7.Termination of Relationship. Following the termination of Optionee’s Continuous Service Status, Optionee may exercise this Option only as set forth in the Plan (as modified by the Grant Notice). Unless otherwise approved by the Company, (i) Optionee’s right to vest in this Option will terminate as of such date and will not be
3



extended by any contractual notice period or any period of “garden leave” or any similar notice period mandated under employment laws in the jurisdiction where Optionee is employed or the terms of Optionee’s employment agreement, if any; and (ii) the period (if any) during which Optionee may exercise the vested portion of the Option (if any) after such termination of Optionee’s Continuous Service Status will commence as of such date and will not be extended by any contractual notice period or any period of “garden leave” or any similar notice period mandated under employment laws in the jurisdiction where Optionee is employed or the terms of Optionee’s employment agreement, if any.
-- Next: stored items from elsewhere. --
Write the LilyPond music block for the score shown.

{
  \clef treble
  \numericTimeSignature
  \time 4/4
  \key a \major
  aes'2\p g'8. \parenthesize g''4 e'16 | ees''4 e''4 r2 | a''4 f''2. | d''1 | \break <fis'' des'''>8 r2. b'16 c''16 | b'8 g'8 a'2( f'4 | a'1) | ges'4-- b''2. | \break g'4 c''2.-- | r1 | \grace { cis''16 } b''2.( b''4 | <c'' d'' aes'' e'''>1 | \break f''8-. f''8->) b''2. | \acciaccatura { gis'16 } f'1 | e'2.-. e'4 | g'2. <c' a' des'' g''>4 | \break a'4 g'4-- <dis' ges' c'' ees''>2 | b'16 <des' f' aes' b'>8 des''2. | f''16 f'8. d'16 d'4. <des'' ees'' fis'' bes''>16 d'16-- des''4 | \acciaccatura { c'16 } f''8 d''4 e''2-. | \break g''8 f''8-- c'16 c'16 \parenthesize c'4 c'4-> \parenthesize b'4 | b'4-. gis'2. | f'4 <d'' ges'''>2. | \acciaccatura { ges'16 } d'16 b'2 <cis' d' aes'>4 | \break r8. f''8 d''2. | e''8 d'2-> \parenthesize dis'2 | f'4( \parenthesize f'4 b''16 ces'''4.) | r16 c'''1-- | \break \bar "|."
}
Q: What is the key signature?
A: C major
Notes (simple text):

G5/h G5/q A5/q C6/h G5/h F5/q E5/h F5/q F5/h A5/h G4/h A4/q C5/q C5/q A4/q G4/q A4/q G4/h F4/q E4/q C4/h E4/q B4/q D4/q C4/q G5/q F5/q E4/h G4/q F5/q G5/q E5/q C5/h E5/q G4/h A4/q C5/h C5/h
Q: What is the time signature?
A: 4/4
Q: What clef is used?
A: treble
If Optionee does not exercise this Option within the applicable post-termination exercise period set forth in the Plan (as modified by the Grant Notice), this Option shall terminate in its entirety. In no event may any Option be exercised after the Expiration Date of this Option as set forth in the Grant Notice.
8.Effect of Agreement. Optionee acknowledges receipt of a copy of the Plan and represents that he or she is familiar with the terms and provisions thereof (and has had an opportunity to consult counsel regarding the Option terms), and hereby accepts this Option and agrees to be bound by its contractual terms as set forth herein and in the Plan. Optionee hereby agrees to accept as binding, conclusive and final all decisions and interpretations of the Administrator regarding any questions relating to this Option. In the event of a conflict between the terms and provisions of the Plan and the terms and provisions of the Grant Notice and this Agreement, the Plan terms and provisions shall prevail.
9.Data Privacy. Optionee hereby explicitly and unambiguously consents to the collection, use and transfer, in electronic or other form, of Optionee’s personal data as described in this Agreement and any other Option grant materials by and among the entities in the Company Group for the purpose of implementing, administering and managing Optionee’s participation in the Plan.
Optionee understands that the Company Group may hold certain personal information about Optionee, including, but not limited to, Optionee’s name, home address and telephone number, date of birth, social insurance number or other identification number, salary, nationality, job title, any Shares or directorships held in the Company, details of all options or any other entitlement to Shares awarded, canceled, exercised, vested, unvested or outstanding in Optionee’s favor (“Data”), for the purpose of implementing, administering and managing the Plan.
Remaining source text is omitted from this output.